Midline incisions are particularly favoured in diagnostic laparotomy, as they allow wide access to most of the abdominal cavity.
- Cut (incised) the skin in midline (linea alba)
- Cut (incised) subcutaneous tissue
- Divide the linea alba (white line of the abdomen)
- Pick up peritoneum, confirm that there is no bowel adhesion (intestinal adhesion)
- Nick peritoneum
- Insert finger beneath the wound to make sure that there is no adhesion
- Cut the peritoneum with scissors
Other common laparotomy incisions include:
- Kocher (right subcostal) incision (after Emil Theodor Kocher); appropriate for certain operations on the liver, gallbladder and biliary tract.
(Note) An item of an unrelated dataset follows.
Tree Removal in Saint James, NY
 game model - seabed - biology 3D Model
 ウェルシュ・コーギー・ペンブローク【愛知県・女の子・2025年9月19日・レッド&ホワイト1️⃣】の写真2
This shares a name with the Kocher incision used for thyroid surgery: a transverse, slightly curved incision about 2 cm above the sternoclavicular joints;
- Davis or Rockey-Davis "muscle-splitting" right lower quadrant incision for appendectomy, named for the Oregon surgeon, Alpha Eugene Rockey (1857–1927) and the Philadelphia surgeon, Gwilym George Davis (1857–1918), who devised such incision style in 1905.
- Pfannenstiel incision, a transverse incision below the umbilicus and just above the pubic symphysis. In the classic Pfannenstiel incision, the skin and subcutaneous tissue are incised transversally, but the linea alba is opened vertically. It is the incision of choice for Cesarean section and for abdominal hysterectomy for benign disease. A variation of this incision is the Maylard incision in which the rectus abdominis muscles are sectioned transversally to permit wider access to the pelvis. This was pioneered by the Scottish surgeon, Alfred Ernest Maylard (1855–1947) in 1920.
- Lumbotomy consists of a lumbar incision which permits access to the kidneys (which are retroperitoneal) without entering the peritoneal cavity. It is typically used only for benign renal lesions. It has also been proposed for surgery of the upper urological tract.
- Cherney Incision – developed in 1941 by the American uro-gynecologic surgeon, Leonid Sergius Cherney (1908–1963)
Complications following laparotomy
Globally, there are few studies comparing perioperative mortality following laparotomy across different health systems. One major prospective study of 10,745 adult patients undergoing emergency laparotomy from 357 centres in 58 high-, middle-, and low-income countries found that mortality is three times higher in low- compared with high-HDI countries even when adjusted for prognostic factors. In this study the overall global mortality rate was 1.6 percent at 24 hours (high 1.1 percent, middle 1.9 percent, low 3.4 percent; P < 0.001), increasing to 5.4 percent by 30 days (high 4.5 percent, middle 6.0 percent, low 8.6 percent; P < 0.001). Of the 578 patients who died, 404 (69.9 percent) did so between 24 h and 30 days following surgery (high 74.2 percent, middle 68.8 percent, low 60.5 percent). Patient safety factors were suggested to play an important role, with use of the WHO Surgical Safety Checklist associated with reduced mortality at 30 days.
Taking a similar approach, a unique global study of 1,409 children undergoing emergency laparotomy from 253 centres in 43 countries showed that adjusted mortality in children following surgery may be as high as 7 times greater in low-HDI and middle-HDI countries compared with high-HDI countries, translating to 40 excess deaths per 1000 procedures performed in these settings. Internationally, the most common operations performed were appendectomy, small bowel resection, pyloromyotomy and correction of intussusception. After adjustment for patient and hospital risk factors, child mortality at 30 days was significantly higher in low-HDI (adjusted OR 7.14 (95% CI 2.52 to 20.23), p<0.001) and middle-HDI (4.42 (1.44 to 13.56), p=0.009) countries compared with high-HDI countries.
A related procedure is laparoscopy, where cameras and other instruments are inserted into the peritoneal cavity via small holes in the abdomen. For example, an appendectomy can be done either by a laparotomy or by a laparoscopic approach.